#### WHAT YOU ARE ASKED TO DO
From top to bottom, print the listing word for word and skip any pictures it contains.

#### INFORMATION SHOWN

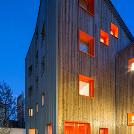 巴黎木质外墙公寓楼建筑与景观设计（2014-6-5）
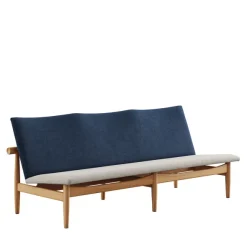 Japan 3 pers. sofa, eg olie af Finn Juhl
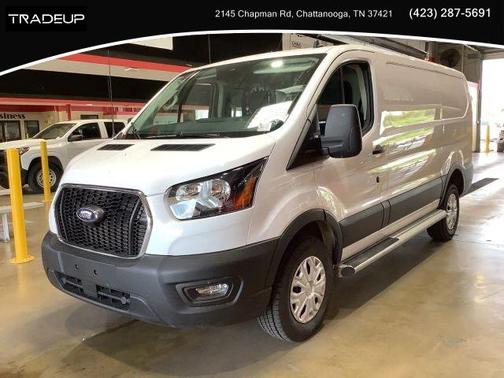 White 2025 Ford Transit-250 LOW ROOF W/RWB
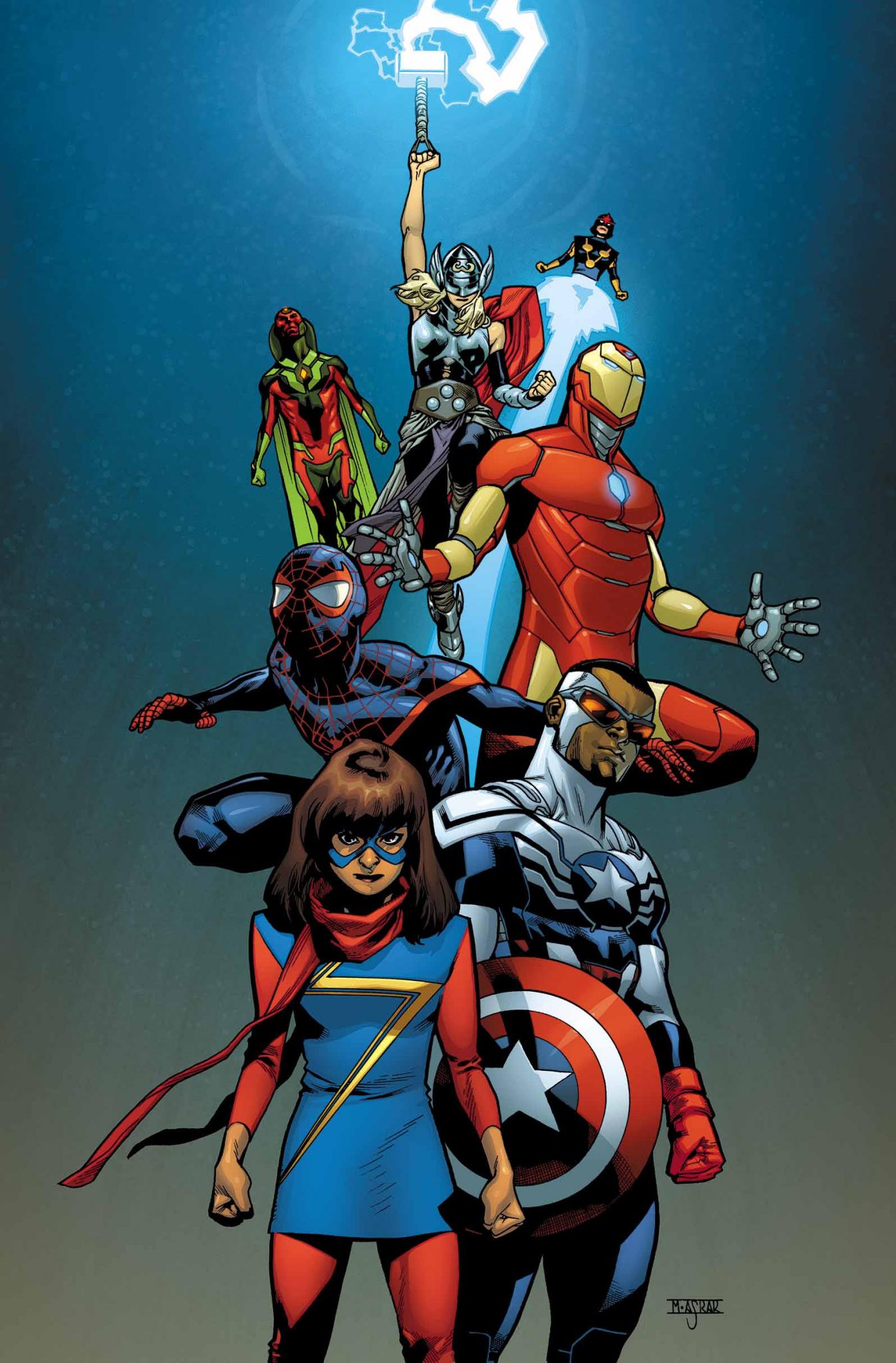 Marvel Comics Preview: All-New All-Different Avengers #1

#### FINAL ANSWER
 巴黎木质外墙公寓楼建筑与景观设计（2014-6-5）
 Japan 3 pers. sofa, eg olie af Finn Juhl
 White 2025 Ford Transit-250 LOW ROOF W/RWB
 Marvel Comics Preview: All-New All-Different Avengers #1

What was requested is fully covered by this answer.